TASK INPUTS =
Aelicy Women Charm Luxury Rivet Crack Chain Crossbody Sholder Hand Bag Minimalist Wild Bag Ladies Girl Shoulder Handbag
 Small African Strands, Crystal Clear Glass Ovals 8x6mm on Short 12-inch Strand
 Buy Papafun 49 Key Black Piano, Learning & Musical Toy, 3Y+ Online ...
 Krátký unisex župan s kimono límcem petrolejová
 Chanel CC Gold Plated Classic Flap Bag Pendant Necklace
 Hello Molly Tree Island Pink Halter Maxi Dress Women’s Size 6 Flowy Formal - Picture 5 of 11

TASK BRIEF =
Every line above is to be transcribed exactly, with nothing missed.

ANSWER SPACE =
Aelicy Women Charm Luxury Rivet Crack Chain Crossbody Sholder Hand Bag Minimalist Wild Bag Ladies Girl Shoulder Handbag
 Small African Strands, Crystal Clear Glass Ovals 8x6mm on Short 12-inch Strand
 Buy Papafun 49 Key Black Piano, Learning & Musical Toy, 3Y+ Online ...
 Krátký unisex župan s kimono límcem petrolejová
 Chanel CC Gold Plated Classic Flap Bag Pendant Necklace
 Hello Molly Tree Island Pink Halter Maxi Dress Women’s Size 6 Flowy Formal - Picture 5 of 11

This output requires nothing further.